George McCrory’s Men’s and Boy’s Wear was opened in the mid-40’s on West Commerce Street in downtown Greenville. It was opened by George McCrory, a native of Greenville and Butler County. Mr. George was the oldest of five children and as such had to become the mature parental figure when his parents died at an early age. He was a salesman in the men’s department at Planter’s Mercantile, a department store at the lower end of Commerce Street, when a prominent Greenville businessman told him he was too good to be working for someone else and offered to help Mr. George start his own men’s and boy’s clothing store. He initially opened in the small store that later became the shoe department which was located between The First National Bank and Ryan’s Drug Store, a location with a lot of foot traffic. A few years later the store next door became vacant and he was able to expand into a much larger footprint. On the immediate west side was Johnson’s Jewelry, Elton Johnson owner, and another jewelry store was on the east. Jernigan’s Furniture Store was directly across Commerce Street from Mr. George’s as we came to call it. In the 1950s Mr. George had the store air conditioned, the first store in Greenville to be air conditioned.

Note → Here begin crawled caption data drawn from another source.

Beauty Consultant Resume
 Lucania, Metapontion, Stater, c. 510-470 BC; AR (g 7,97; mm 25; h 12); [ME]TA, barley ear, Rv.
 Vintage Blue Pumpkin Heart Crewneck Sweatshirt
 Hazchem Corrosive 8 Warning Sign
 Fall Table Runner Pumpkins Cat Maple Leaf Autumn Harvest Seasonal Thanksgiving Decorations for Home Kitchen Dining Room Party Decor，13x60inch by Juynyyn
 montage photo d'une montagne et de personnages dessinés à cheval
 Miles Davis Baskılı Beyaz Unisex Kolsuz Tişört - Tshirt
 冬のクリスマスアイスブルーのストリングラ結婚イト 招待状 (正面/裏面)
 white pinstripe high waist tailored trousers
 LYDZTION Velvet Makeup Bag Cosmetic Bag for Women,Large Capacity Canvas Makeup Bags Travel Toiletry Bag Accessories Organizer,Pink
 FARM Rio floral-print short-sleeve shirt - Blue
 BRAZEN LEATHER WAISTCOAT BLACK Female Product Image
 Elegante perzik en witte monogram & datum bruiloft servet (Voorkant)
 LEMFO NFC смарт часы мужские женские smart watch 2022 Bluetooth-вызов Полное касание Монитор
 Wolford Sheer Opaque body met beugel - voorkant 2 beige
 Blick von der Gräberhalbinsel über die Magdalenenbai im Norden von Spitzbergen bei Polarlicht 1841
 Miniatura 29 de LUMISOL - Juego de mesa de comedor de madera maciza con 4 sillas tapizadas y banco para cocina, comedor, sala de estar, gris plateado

Mr. George was somewhat of a “stout man” as my grandmother would have called him, wore big dark rimmed glasses and was forever smiling. Seldom did we see him in a bad mood. He was the fulltime owner and operator and was there before the store opened at 8 a.m. and well after the store closed at 5 p.m. six days each week except Wednesday when he closed at noon and until 6 p.m. on Saturday. During exceptionally busy days such as Father’s Day weekend and the Christmas Season, Mr. George’s wife, Miss Frances, and his daughter, Annette, came in to handle the cash register and to help wrap gifts. We all looked forward to Annette coming to help us work. She was one of the prettiest and sweetest girls at Greenville High School and was Miss GHS in 1962. Mr. George was surely proud of her being Miss GHS, he was even more “stout” that Saturday morning, and proud to have her work with us. We were, too. I suspect a lot of school boys came in just to see Annette.